Re: How capacious and well-indexed are ext4, xfs and btrfs directories?

From: Dave Chinner <david@fromorbit.com>
To: David Howells <dhowells@redhat.com>
Cc: Theodore Ts'o <tytso@mit.edu>,
	Andreas Dilger <adilger.kernel@dilger.ca>,
	"Darrick J. Wong" <djwong@kernel.org>, Chris Mason <clm@fb.com>,
	linux-ext4@vger.kernel.org, linux-xfs@vger.kernel.org,
	linux-btrfs@vger.kernel.org, linux-cachefs@redhat.com,
	linux-fsdevel@vger.kernel.org
Subject: Re: How capacious and well-indexed are ext4, xfs and btrfs directories?
Date: Tue, 18 May 2021 09:22:37 +1000	[thread overview]
Message-ID: <20210517232237.GE2893@dread.disaster.area> (raw)
In-Reply-To: <206078.1621264018@warthog.procyon.org.uk>

On Mon, May 17, 2021 at 04:06:58PM +0100, David Howells wrote:
> Hi,
> 
> With filesystems like ext4, xfs and btrfs, what are the limits on directory
> capacity, and how well are they indexed?
> 
> The reason I ask is that inside of cachefiles, I insert fanout directories
> inside index directories to divide up the space for ext2 to cope with the
> limits on directory sizes and that it did linear searches (IIRC).

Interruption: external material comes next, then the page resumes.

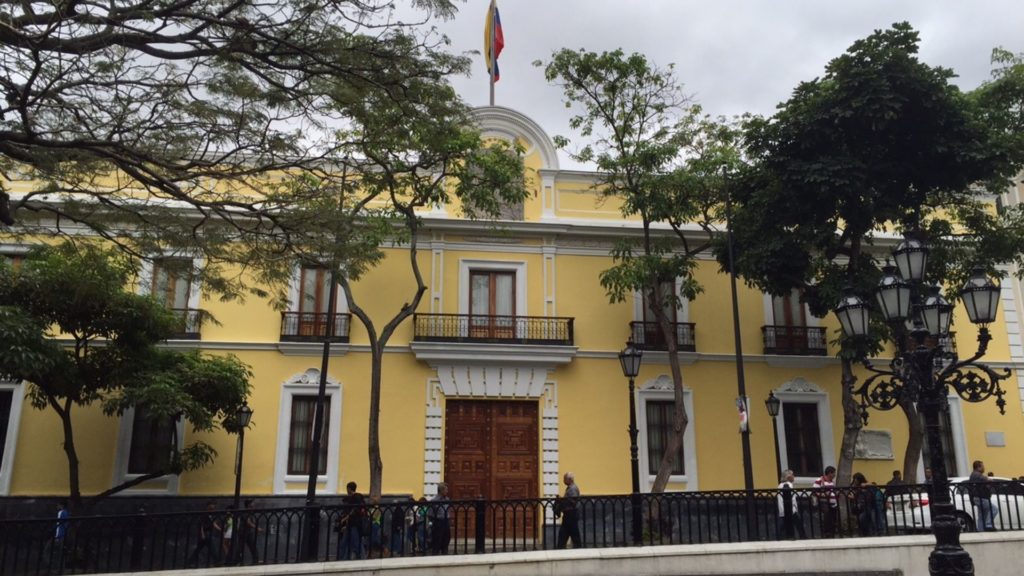 detenciones arbitrarias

Don't do that for XFS. XFS directories have internal hashed btree
indexes that are far more space efficient than using fanout in
userspace. i.e. The XFS hash index uses 8 bytes per dirent, and so
in a 4kB directory block size structure can index about 500 entries
per block. And being O(log N) for lookup, insert and remove, the
fan-out within the directory hash per IO operation is an aorder of
magnitude higher than using directories in userspace....

The capacity limit for XFS is 32GB of dirent data, which generally
equates to somewhere around 300-500 million dirents depending on
filename size. The hash index is separate from this limit (has it's
own 32GB address segment, as does the internal freespace map for the
directory....

The other directory design characterisitic of XFs directories is
that readdir is always a sequential read through the dirent data
with built in readahead. It does not need to look up the hash index
to determine where to read the next dirents from - that's a straight
"file offset to physical location" lookup in the extent btree, which
is always cached in memory. So that's generally not a limiting
factor, either.

> For some applications, I need to be able to cache over 1M entries (render
> farm) and even a kernel tree has over 100k.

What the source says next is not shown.